私の仕事は、三十年前夫の転勤で名古屋地区に移ってきてからはじめた、データ加工である。主にやっているのは、高校の学習参考書とか問題集、入試の過去問などの入力・加工である。しかも、ここ三十年ほどの間には様々なレベルの仕事を要求されるようになり、単なる入力では成り立たない。ワード・エクセルなどで各種の国家試験問題を版下用に作成するとか、タグを入れながらスマホのWB用に加工するなども増えてきている。頂いた仕事は扱ったことの無いソフトでの依頼でも決して断らず、色々と本など調べながらやってきた。人昔前パソコンがまだMS--DOSの時代は、一太郎・花子・桐などのソフトが標準に使われていたが、ウインドウズ搭載になってからはソフトの開発がすすみ、それらがワード・エクセルなどに取って代わられた。パソコン自体の記録保存容量(ハードディスク)も大きくなり、今ではフロッピーやMOなども全く使用することは無くなり、USBやクラウドなどに変わっていった。その都度新しいものを取り入れながら、何とか七十歳になる今日まで仕事を続けている。

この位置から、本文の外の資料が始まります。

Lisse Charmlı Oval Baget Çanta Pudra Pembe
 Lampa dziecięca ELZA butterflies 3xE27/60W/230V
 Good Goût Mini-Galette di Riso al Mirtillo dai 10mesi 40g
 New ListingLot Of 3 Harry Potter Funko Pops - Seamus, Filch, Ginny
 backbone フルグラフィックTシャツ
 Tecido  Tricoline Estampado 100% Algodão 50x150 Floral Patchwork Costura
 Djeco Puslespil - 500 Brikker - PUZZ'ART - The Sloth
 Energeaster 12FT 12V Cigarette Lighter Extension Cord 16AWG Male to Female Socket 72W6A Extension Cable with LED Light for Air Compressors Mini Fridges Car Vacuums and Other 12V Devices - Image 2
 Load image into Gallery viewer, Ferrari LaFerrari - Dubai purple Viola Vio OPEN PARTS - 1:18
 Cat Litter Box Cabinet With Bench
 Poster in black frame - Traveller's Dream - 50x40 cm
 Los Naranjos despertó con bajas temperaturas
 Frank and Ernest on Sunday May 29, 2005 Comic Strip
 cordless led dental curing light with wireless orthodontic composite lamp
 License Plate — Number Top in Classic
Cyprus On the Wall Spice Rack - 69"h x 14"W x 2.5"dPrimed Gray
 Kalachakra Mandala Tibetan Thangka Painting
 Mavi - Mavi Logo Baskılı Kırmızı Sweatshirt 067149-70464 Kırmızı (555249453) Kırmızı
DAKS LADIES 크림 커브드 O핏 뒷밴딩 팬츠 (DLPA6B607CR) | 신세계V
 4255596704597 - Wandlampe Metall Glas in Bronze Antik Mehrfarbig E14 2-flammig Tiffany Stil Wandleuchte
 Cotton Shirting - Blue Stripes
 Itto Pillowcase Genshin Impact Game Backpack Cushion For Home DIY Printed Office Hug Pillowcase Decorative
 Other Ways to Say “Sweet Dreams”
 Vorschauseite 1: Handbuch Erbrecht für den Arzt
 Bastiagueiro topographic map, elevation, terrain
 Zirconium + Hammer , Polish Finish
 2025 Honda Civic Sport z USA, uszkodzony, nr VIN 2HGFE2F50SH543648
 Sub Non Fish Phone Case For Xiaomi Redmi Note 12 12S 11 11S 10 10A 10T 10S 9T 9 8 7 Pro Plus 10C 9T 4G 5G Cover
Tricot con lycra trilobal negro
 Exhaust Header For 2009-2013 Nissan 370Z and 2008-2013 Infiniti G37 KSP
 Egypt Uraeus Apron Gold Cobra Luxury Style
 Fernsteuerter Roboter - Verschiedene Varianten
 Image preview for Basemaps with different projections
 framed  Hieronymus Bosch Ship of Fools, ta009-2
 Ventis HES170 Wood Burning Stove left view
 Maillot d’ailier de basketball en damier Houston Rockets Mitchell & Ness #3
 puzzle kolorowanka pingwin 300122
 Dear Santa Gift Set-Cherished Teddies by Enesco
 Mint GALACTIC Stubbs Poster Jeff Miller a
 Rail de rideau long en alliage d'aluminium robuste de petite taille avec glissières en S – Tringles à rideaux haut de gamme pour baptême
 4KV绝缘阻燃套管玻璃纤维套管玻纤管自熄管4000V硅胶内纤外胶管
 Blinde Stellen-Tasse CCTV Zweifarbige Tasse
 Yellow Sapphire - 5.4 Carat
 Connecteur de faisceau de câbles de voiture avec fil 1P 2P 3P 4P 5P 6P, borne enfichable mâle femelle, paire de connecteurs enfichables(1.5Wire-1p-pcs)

仕事だけでなく三十年の間には、生活面でも大変な時期を経験した。夫の会社倒産・失業があり、私が稼がなくてはならない羽目に陥ったが、ちょうどその時長女は大学院生で京都におり、長男も大学生でお金のいる時期だった。それでも何としてでも学業だけは続けさせたいとの思いで粉骨砕身必死に仕事をこなし、二人とも無事に大学院を終了し独立した。今は孫も産まれ、私はすっかり孫の成長を楽しみにするバーバになってしまった。
この年になるまで大きな病気もせず何とか過ごしてくることができたことは、全く有難い偶然であるが、これからは自分の体に責任を持たなければ若い人達の負荷になってしまう。忙しい時は一日中パソコンの前に坐っているような生活であったためか、最近は眩暈などを起こすようになった。毎年の検診ではコレステロールが高い、骨粗鬆症の心配がある。糖の値に要注意などと指摘されることが多くなってきた。少しは歩かなくてはと思いつつも、なかなか自分ひとりでは継続できない。ついつい仕事にかまけて座りっぱなしのまま、仕事が立て込む三月から八月の間は納期に追われて、パソコンと睨めっこしながら電話をかけまくる。けれど、そんな私にもちゃんとカーブスの指導員さんから「どうしていますか」と忘れずに電話がかかってくる。出不精になっている私も「あー行かなきゃ」と我を奮い立たせ、どうにか顔を出すことになる。そして冒頭の元気な「おめでとう」の声をもらえる幸せに出会えるのである。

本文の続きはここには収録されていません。